UNITED STATES
SECURITIES AND EXCHANGE COMMISSION
WASHINGTON, D.C. 20549
____________________
FORM 8-K
CURRENT REPORT
Pursuant to Section 13 or 15(d) of the
Securities Exchange Act of 1934
Date of report (Date of earliest event reported): January 16, 2013
Emergent BioSolutions Inc.
(Exact Name of Registrant as Specified in Charter)

Delaware
001-33137
14-1902018
(State or Other Jurisdiction
of Incorporation)
(Commission
File Number)
(IRS Employer
Identification No.)

2273 Research Boulevard, Suite 400, Rockville, Maryland
20850
(Address of Principal Executive Offices)
(Zip Code)

Registrant's telephone number, including area code: (301) 795-1800
Not applicable
(Former Name or Former Address, if Changed Since Last Report)
 
Check the appropriate box below if the Form 8-K filing is intended to simultaneously satisfy the filing obligation of the registrant under any of the following provisions (see General Instruction A.2. below):
 
 Written communications pursuant to Rule 425 under the Securities Act (17 CFR 230.425)
 Soliciting material pursuant to Rule 14a-12 under the Exchange Act (17 CFR 240.14a-12)
 Pre-commencement communications pursuant to Rule 14d-2(b) under the Exchange Act (17 CFR 240.14d-2(b))
 Pre-commencement communications pursuant to Rule 13e-4(c) under the Exchange Act (17 CFR 240.13e-4(c))


 
Item 1.01 Entry into a Material Definitive Agreement.
 
On January 17, 2013, the company's Board of Directors approved a modification to the company's form of indemnity agreement and authorized the company to enter into the amended form of indemnity agreement with each of its directors and senior officers.
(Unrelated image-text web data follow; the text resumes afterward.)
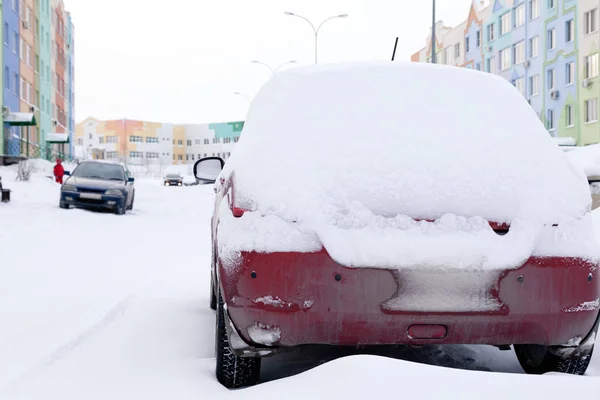 Primer plano de pequeño coche sucio rojo cubierto de soportes de nieve contra — Foto de Stock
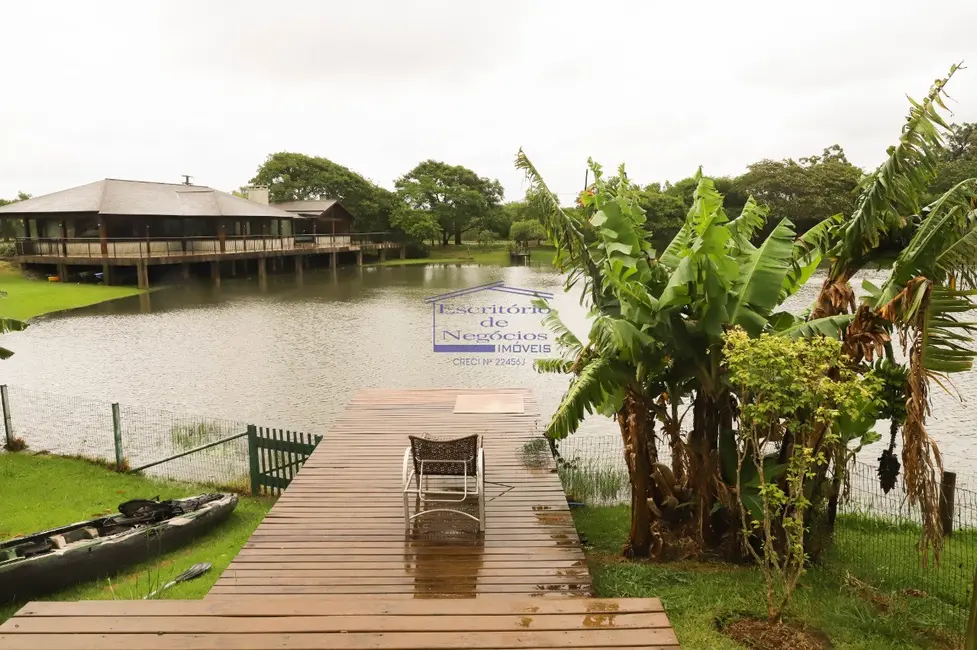 Foto 1 de Casa de Condomínio com 6 quartos à venda, 260m2 em Belém Novo, Porto Alegre - RS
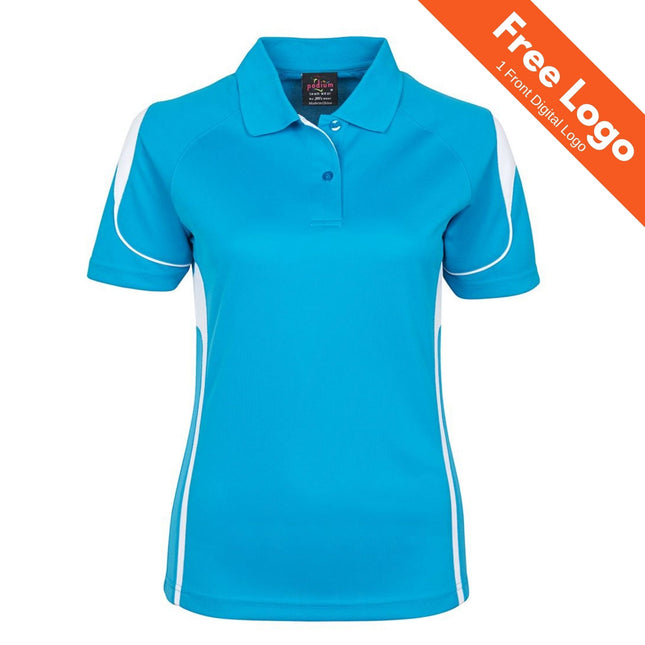 The JB's Wear Podium Ladies Bell Polo is a bright blue polo with white side panels and shoulder accents, made from moisture-wicking fabric. "Free Logo 1 Front Digital Logo" appears in an orange banner in the top right corner.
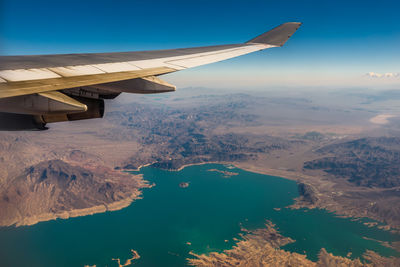 Cropped image of airplane flying over mountains against sky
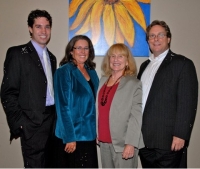 All Smiles - making a difference makes me smile - Celebrating with the OTEF team at the close of a successful AZEC09. (Left to Right:  Merlin Ward, JKW, Francine Hardaway, Steven Groves.  (Photo by Mark Goldstein)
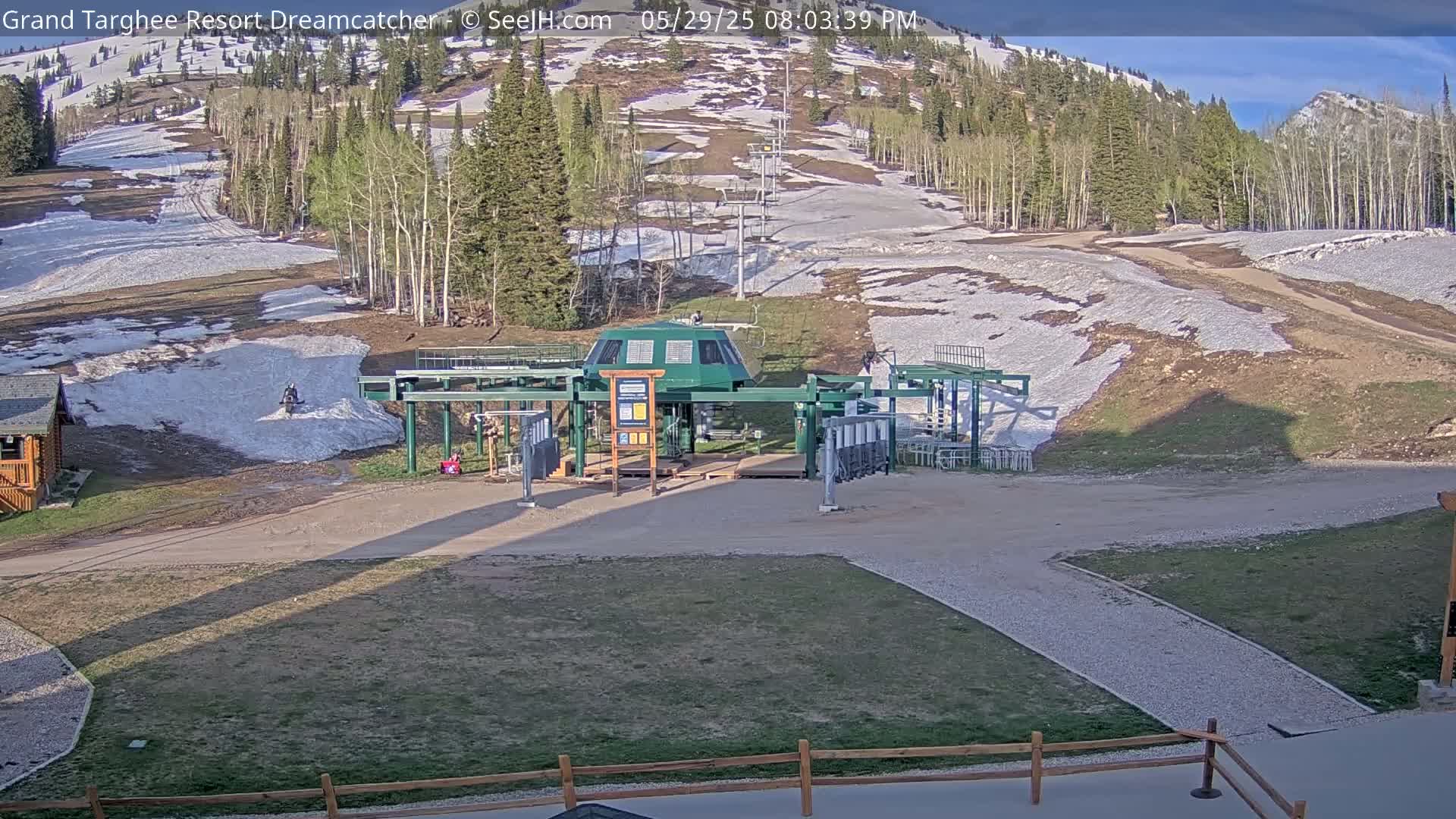 A ski lift base station sits in a grassy area with patches of melting snow on the surrounding hillside under a partly sunny sky.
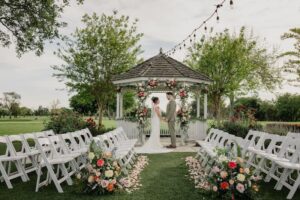 Outdoor wedding ceremony at Haggin Oaks with bride and groom standing beneath a floral-decorated gazebo, surrounded by white chairs and aisle arrangements on a manicured lawn.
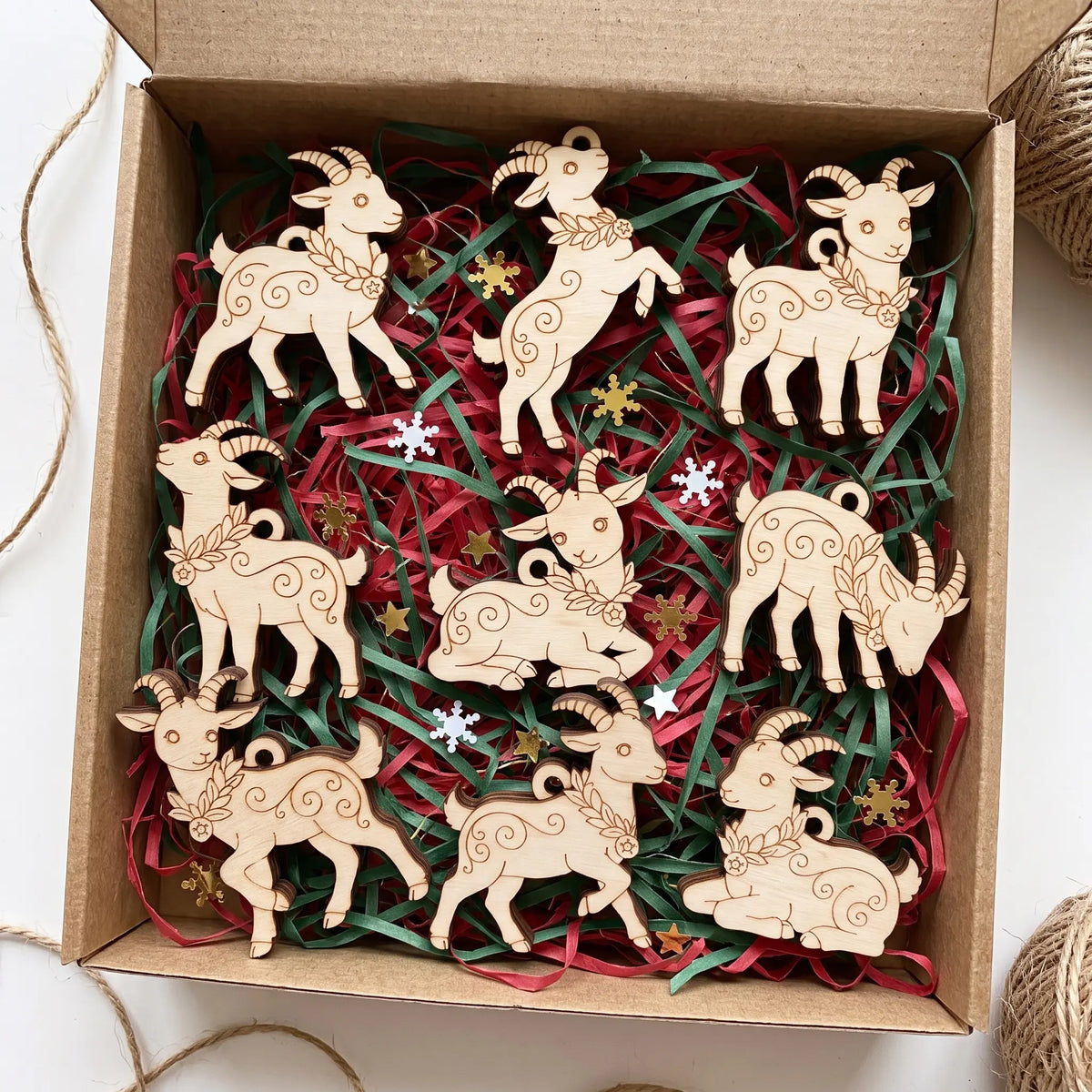 Craft gift box filled with paper filler and complete set of laser cut plywood goat ornaments with engraved patterns.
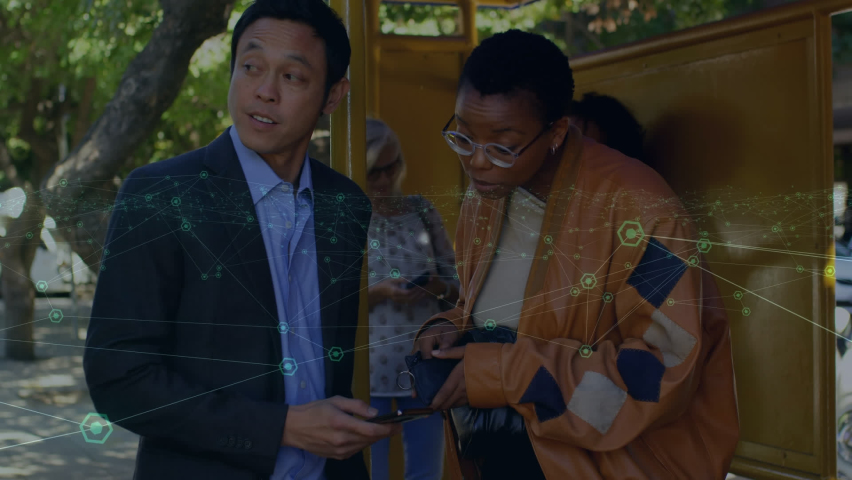 Animation of computer icons connecting with lines over diverse commuters using phones at bus stop. Digital composite, multiple exposure, passenger, waiting, telecommunications and transportation.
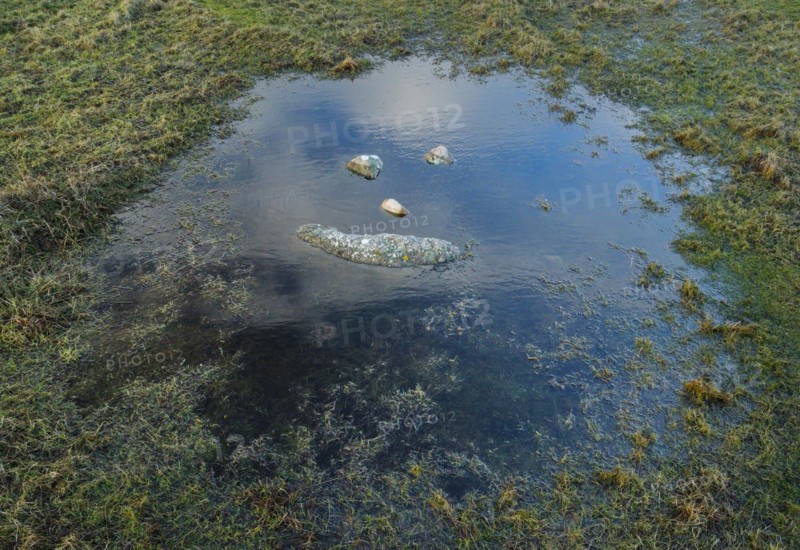 A natural smiley made of stones in the middle of a puddle of water in the Highlands of Scotland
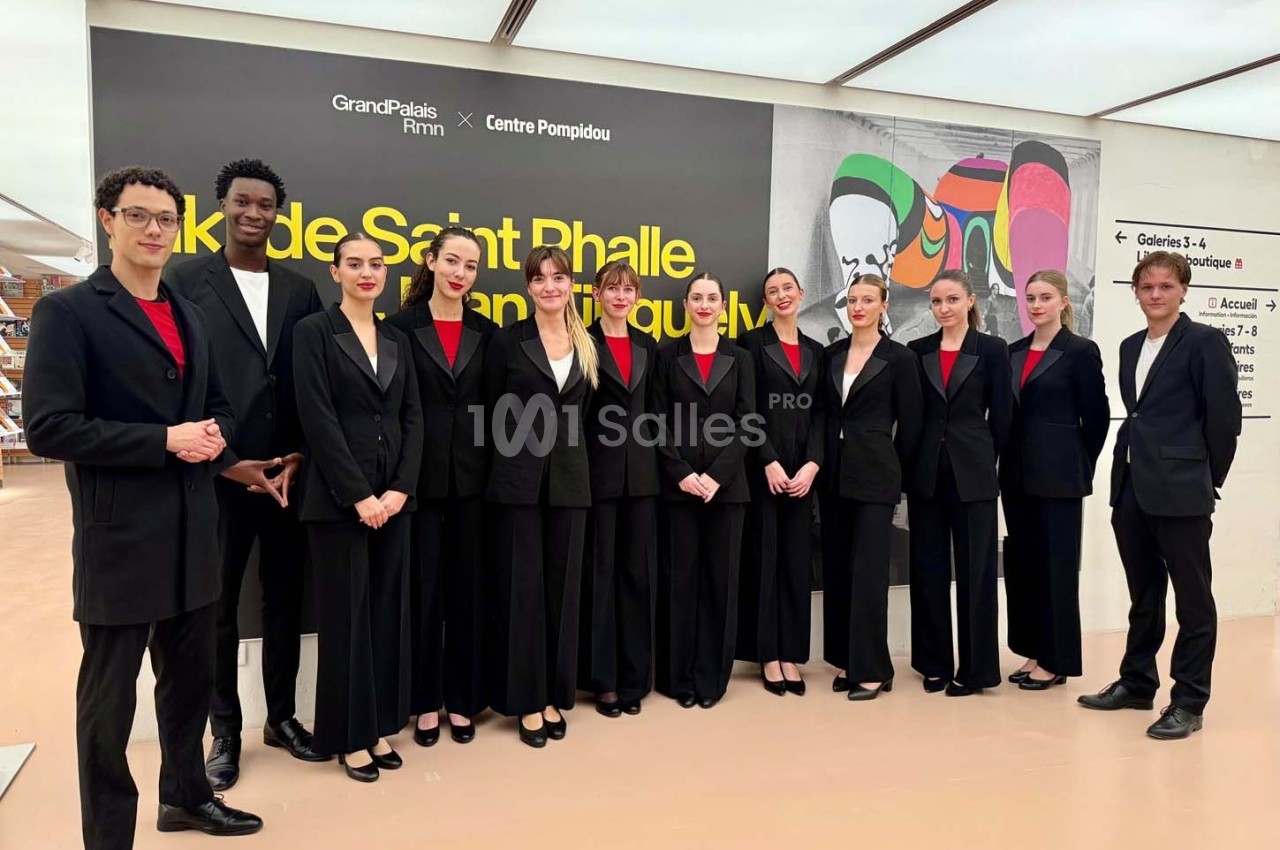 Un groupe de personnes en tenue formelle pose devant un mur affichant une exposition au Grand Palais Immersif.
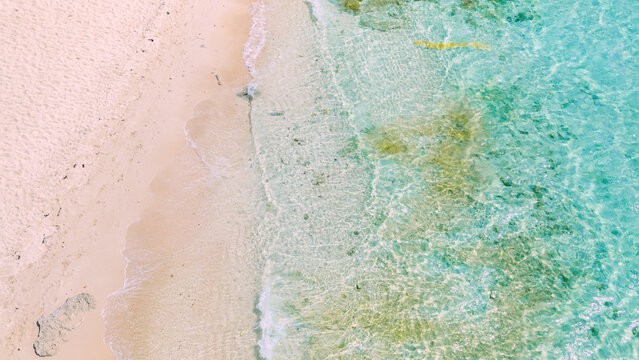 Aerial view of the pristine white sand beach and crystal clear turquoise waters of Boracay Island in Malay, Western Visayas, Philippines.
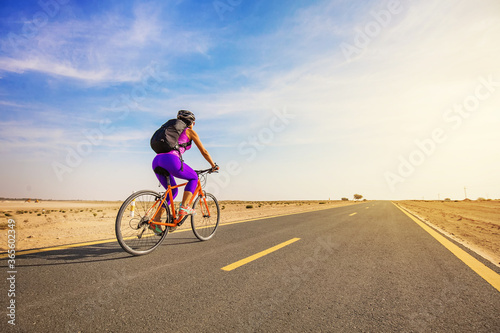 Young woman riding a bicycle in a desert in Dubai, full length shot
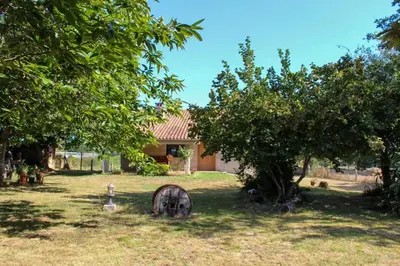 a house with a fire hydrant in the yard at Casa AsCampinas in Ourense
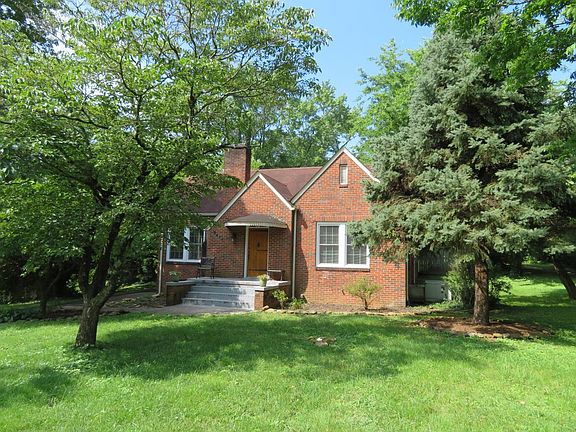 Front lawn, trees, and house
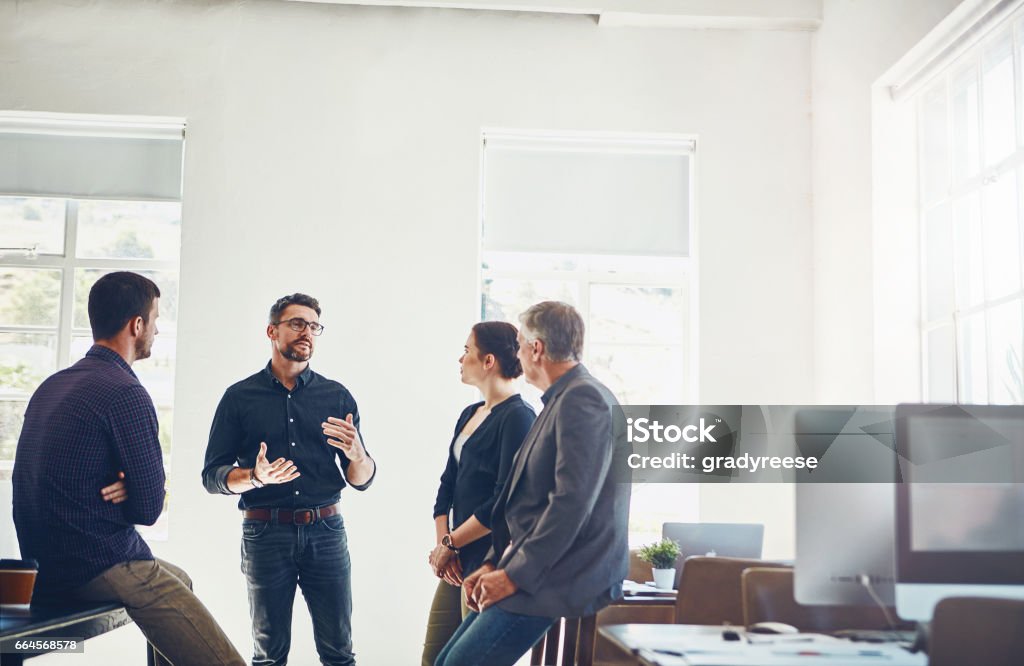 Open your organization to diverse perspectives Shot of a group of designers having a discussion at work Debate Stock Photo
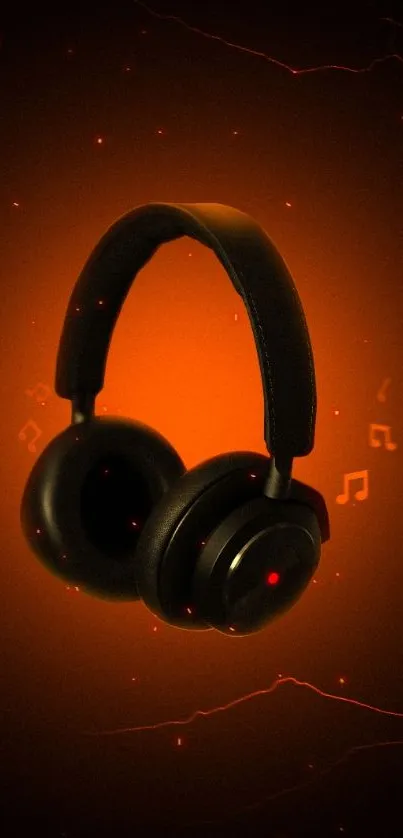 Orange glowing headphones wallpaper with music theme.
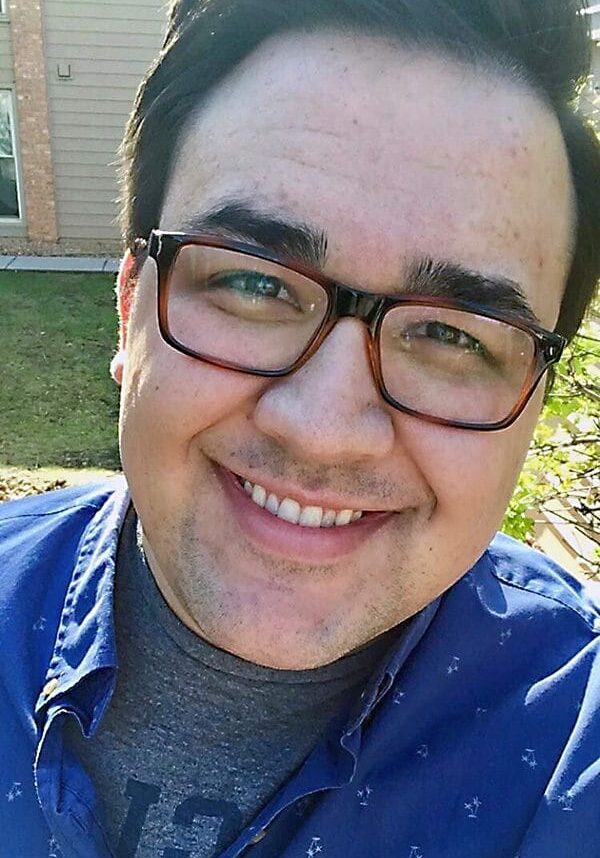 Tom Brinker smiles wearing a blue button up and brown glasses.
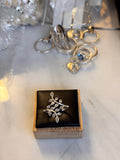 A sterling-silver ring with a leafy branch design displayed on a black cushioned square box, with other Sterling jewelry items blurred in the background on a light marble surface.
The modification to the form of indemnity agreement broadens the scope of indemnifiable expenses. Once effective, the amended indemnity agreements will supersede and replace any existing indemnity agreements between the company and such directors and senior officers. The amended form of indemnity agreement is attached to this report as Exhibit 10 and is incorporated herein by reference.
 
Item 5.02 Departure of Directors or Certain Officers; Election of Directors; Appointment of Certain Officers; Compensatory Arrangements of Certain Officers.
 
On January 16, 2013, the Compensation Committee of the Board of Directors of the company approved the following modifications to the compensation and eligible severance package for Robert G. Kramer, Executive Vice President, Corporate Services and Chief Financial Officer: (i) an annualized base salary and target bonus percentage for 2013 of $430,000 and 50%, effective as of January 1, 2013, and (ii) an applicable percentage benefit and applicable period of benefits for Mr. Kramer under the company's Senior Management Severance Plan of 125% and 15 months (in the case of termination in the absence of a change in control) and 200% and 24 months (in the case of termination involving a change in control). These terms for Mr. Kramer's termination benefits are consistent with the arrangements afforded to the company's other executive vice presidents.
 
Item 9.01. Financial Statements and Exhibits.
 
(d) Exhibits
 
10      Form of Indemnity Agreement between Emergent BioSolutions Inc. and each of its directors and senior officers.
 
 



SIGNATURE
Pursuant to the requirements of the Securities Exchange Act of 1934, the registrant has duly caused this report to be signed on its behalf by the undersigned hereunto duly authorized.

Date: January 18, 2013
EMERGENT BIOSOLUTIONS INC.
By:
/s/Jay G. Reilly
Jay G. Reilly
General Counsel



Exhibit Index
Exhibit Number     Description of Exhibit
 
10               Form of Indemnity Agreement between Emergent BioSolutions Inc. and each of its directors and senior officers.